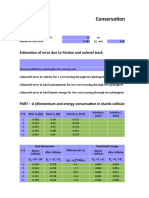 Conservation Laws and Collisions: Estimation of Error Due To Friction and Unlevel Track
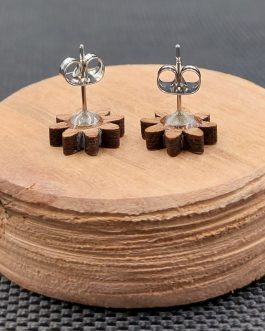 Kolczyki drewniane STOKROTKI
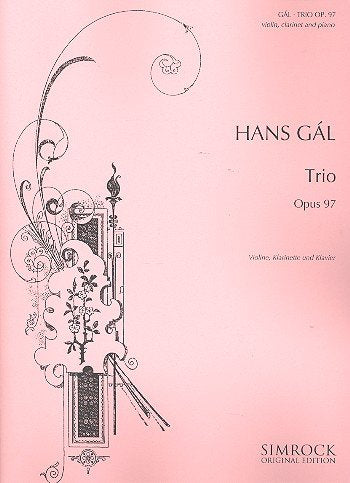 Trio in F: op. 97. Violin, Clarinet and Piano. Partition et parties. Sheet Music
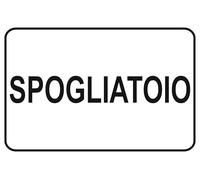 GLOBAL CARTELLO SEGNALETICO - spogliatoio - Adesivo Extra Resistente, Pannello in Forex, Pannello In Alluminio (Alluminio, 15x10 cm)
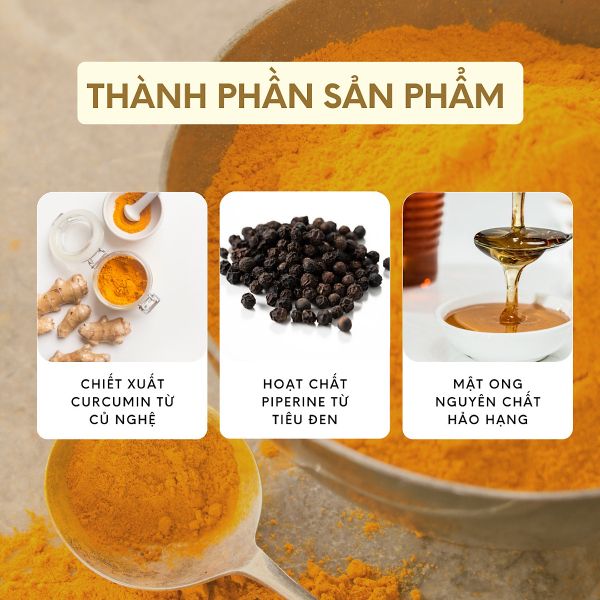 Mật Ong Curcumin Miele 400G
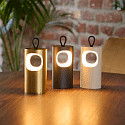 battery table lamp LUNARI IP44, night black dimmable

* * *

Every line of the data above should be repeated exactly. Omit the pictures.

(RESPONSE BELOW):
 Conservation Laws and Collisions: Estimation of Error Due To Friction and Unlevel Track
 Kolczyki drewniane STOKROTKI
 Trio in F: op. 97. Violin, Clarinet and Piano. Partition et parties. Sheet Music
 GLOBAL CARTELLO SEGNALETICO - spogliatoio - Adesivo Extra Resistente, Pannello in Forex, Pannello In Alluminio (Alluminio, 15x10 cm)
 Mật Ong Curcumin Miele 400G
 battery table lamp LUNARI IP44, night black dimmable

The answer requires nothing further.